## WORK TO COMPLETE:
Each line from the one containing "Living Room/Dining Room/Kitchen (4)" to the end of the entries below must be restated exactly, and no other line should appear.

[DATA PROVIDED Boundary: Start]

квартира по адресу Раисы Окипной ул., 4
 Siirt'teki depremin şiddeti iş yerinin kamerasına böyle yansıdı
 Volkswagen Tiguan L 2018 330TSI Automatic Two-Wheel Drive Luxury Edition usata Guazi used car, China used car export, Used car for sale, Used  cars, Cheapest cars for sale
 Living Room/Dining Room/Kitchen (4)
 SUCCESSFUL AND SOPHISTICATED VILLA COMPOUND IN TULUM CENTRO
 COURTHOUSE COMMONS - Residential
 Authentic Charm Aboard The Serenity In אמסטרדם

[DATA PROVIDED Boundary: End]

## ANSWER TO THIS EXERCISE:
 Living Room/Dining Room/Kitchen (4)
 SUCCESSFUL AND SOPHISTICATED VILLA COMPOUND IN TULUM CENTRO
 COURTHOUSE COMMONS - Residential
 Authentic Charm Aboard The Serenity In אמסטרדם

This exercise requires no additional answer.